As far as we know, the only work actually handling a large number of sources is [34]. It proposes a two-step combination based on BBAs clustering. Specifically, using the canonical decomposition, the clusters are defined as sets of Simple Support Functions (SSF) having the same focal elements so that their combination is straightforward and also produces a SSF. Then, cluster SSFs are discounted with respect to the number of initial SSFs in the cluster. However, such an approach has very restrictive hypotheses, such as the fact that the canonical decomposition of initial BBAs involves only a small set of SSFs, which is clearly not the case when considering a large 2D discernment frame.

In summary, for our topical application, the main issue comes from the fact that we have both a large solution space (and thus discernment frame) and a large number of pieces of evidence including a high ratio of outliers. Even if some previous works have provided partial solutions, none of them handle both scalability issues together. In this work, we keep the general idea of BBA clustering that was already proposed by [35], but both the clustering criterion and the use of clustering results are tailored with respect to our application. BBA clusters are firstly derived using a hierarchical clustering based on Jousselme's distance that allows for taking into account focal element interactions. From clustering construction, these clusters correspond to possible but incompatible solutions for the epipole localization. Secondly, BBAs are combined in a conjunctive way only within clusters to provide cluster-BBAs that are ranked so that the correct solution is expected to appear among the top ranked clusters. In order to illustrate the general concept introduced by our work, we will consider different sources of evidence which may arise in localization applications. The baseline scenario consists in a pair of images providing exclusively visual cues via keypoint association. Then, a more complex setting considers additional evidences provided by a pedestrian (i.e., carrier) detector and an exteroceptive sensor. Finally, a third scenario involves static cameras within a dynamic scene, in which the temporal dimension provides the means for the accumulation of evidences.
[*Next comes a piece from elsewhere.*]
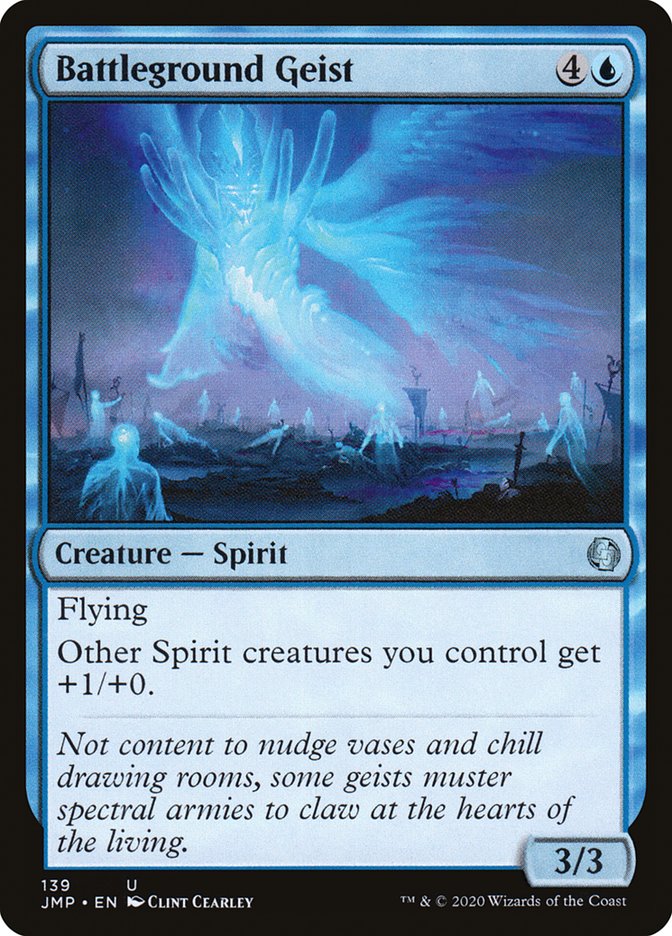 Battleground Geist [Jumpstart] - The Mythic Store | 24h Order Processing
The remainder of this paper is as follows: in Section 2 we recall the basics (including belief function tools) used for this study, then Section 3 describes the proposed approach that provides a set of ordered solutions. In the next sections, we propose algorithms for the exploitation of the set of ordered solutions, in a multi-source fusion task (Section 4), and in a multi-temporal fusion task (Section 5) respectively. Section 6 analyzes the results obtained on a public dataset before Section 7 draws the main conclusions and perspectives of our work.